En février dernier, notre confrère Maurice Salles regrettait que la proposition scénique de David Alden ne viennent gâcher la fête de cette Semiramide née en contrées bavaroises et qui s’épanouit aujourd’hui sur les bords de la Tamise. Il démontrait, point par point ce que, cette mise au goût du jour dans un Orient réaliste lorgnant sur Téhéran, Bagdad ou le couple Al-Assad, avait d’incongrue eu égard aux intentions esthétiques des librettistes et du compositeur. Qu’il nous soit permis d’avoir un autre point de vue. Est-ce le but ultime de chaque représentation d’une œuvre de répertoire que de revenir très objectivement aux conditions et au contexte de sa création ? Sans s’en priver à l’occasion, les portes du théâtre ne sont pas encore celles d’un musée.

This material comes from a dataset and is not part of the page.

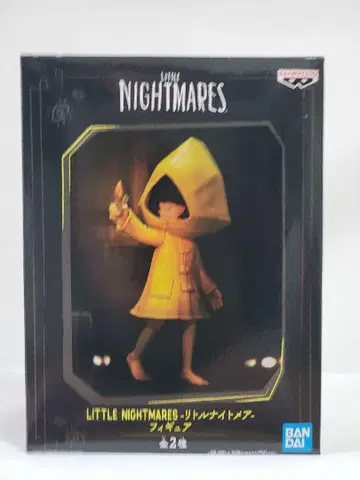 LITTLE NIGHTMARES 피규어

Et notre époque, celle où nous parviennent ces chefs-d’œuvre du passé, délaisse souvent ces enjeux esthétiques qui n’ont plus de prise sur notre temps et interroge ce qui résonne hic et nunc (c’est à dire Munich et son goût iconoclaste, Munich et sa gare centrale aux premières loges de la crise des réfugiés syriens) au-delà des roucoulades et des notes stratosphériques. On rejoindra cela dit notre confrère sur sa dépréciation de certains éléments du spectacle comme ce suicide stupide d’Oroe, figure du pouvoir religieux, et on saluera comme lui le travail réalisé autour des personnages « passifs » que sont Azema et Idreno. Elle, femme objet, albatros dont les bras sont empêtrés dans des manches dix fois trop longues ; lui, conquérant coquet et seul victorieux du drame avant même son dénouement.

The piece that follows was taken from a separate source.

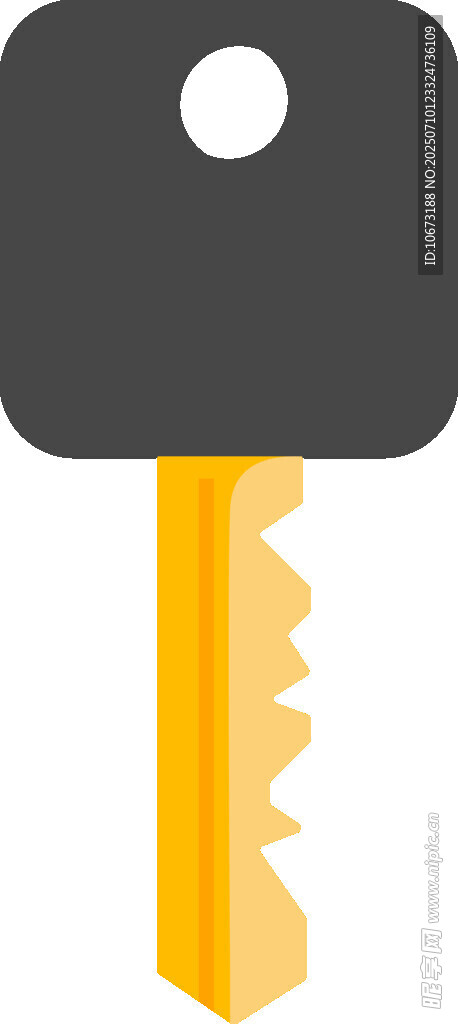 黑色鑰匙圖標(biāo)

On s’inclinera également devant une réalisation musicale d’excellence. Au pupitre, Antonio Pappano place tout le monde en orbite dès l’ouverture : vive, modèle d’équilibre au bel arc narratif et servie par des cuivres irréprochables, bientôt rejoints par une petite harmonie mutine et des cordes précises. L’orchestre du Royal Opera House est dans un de ses meilleurs soirs. Son directeur musical maintient toute celle belle harmonie dans la fosse et au diapason du plateau tout du long des trois heures vingt que dure la représentation. Manquent toutefois à l’appel la cabalette du premier air d’Idreno et la reprise de celle du duo Assur-Arsace.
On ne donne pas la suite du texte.